Heart Four Counties
- Dunstable; England;
- Broadcast area: Bedfordshire, Buckinghamshire, Hertfordshire and Northamptonshire
- Frequencies: FM: Northamptonshire:; 96.6 (Northampton and Daventry), North Bedfordshire, West Cambridgeshire and North Hertfordshire:; 96.9 (Kempston), NW & Central Hertfordshire, South Bedfordshire and East Buckinghamshire:; 97.6 (Leighton Buzzard and Luton), North Buckinghamshire:; 103.3 (Milton Keynes and Bletchley), DAB: 10D (Herts, Beds Bucks) RDS: Heart
- Branding: This is Heart

Programming
- Format: Adult Contemporary

Ownership
- Owner: Global Group

History
- First air date: 16 July 2010

Links

= Heart Four Counties =

Heart Four Counties was a local radio station owned and operated by Global Radio as part of the Heart network. It broadcast to Bedfordshire, Buckinghamshire, Hertfordshire and Northamptonshire.

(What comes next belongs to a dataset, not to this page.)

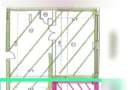 Zona Calea Călărașilor 100 mp vitrina 10 m ideal market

The station launched on Friday 16 July 2010 as a result of a merger between Heart Milton Keynes (formerly Horizon Radio), Heart Northants (formerly Northants 96), Heart Dunstable (formerly 97.6 Chiltern Radio) and Heart Bedford (formerly 96.9 Chiltern Radio).

==History==

The regional station originally broadcast as four separate stations - Chiltern Radio began broadcasting to Hertfordshire, Bedfordshire and Buckinghamshire in October 1981 and launched a separate Bedford station in June 1982. Northants 96 began broadcasting to Northamptonshire in November 1986 and Horizon Radio launched in north Buckinghamshire in October 1989.

These stations were owned and operated by the Chiltern Radio Group, which was sold off to the GWR Group in 1995. Subsequently, the GWR Group merged with Capital Radio in 2005 to form GCap Media, which was subsequently bought out by Global Radio in 2008.

On 21 June 2010, Global Radio announced it would merge the four stations as part of plans to reduce the Heart network of stations from 33 separate stations to 16 co-located 'broadcast centres'. The new station began broadcasting from Dunstable on Friday 16 July 2010 and moved to new studios in Milton Keynes on 6 September 2011.

===Station merger===
On 26 February 2019, Global announced that Heart Four Counties would be merged with three sister stations in Cambridgeshire, Essex and East Anglia.

Since 3 June 2019, local output has consisted of a three-hour regional Drivetime show on weekdays, alongside localised news bulletins, traffic updates and advertising. Local breakfast and weekend shows were replaced with network programming from London.

Heart East began broadcasting regional programming from the Milton Keynes studios on 3 June 2019.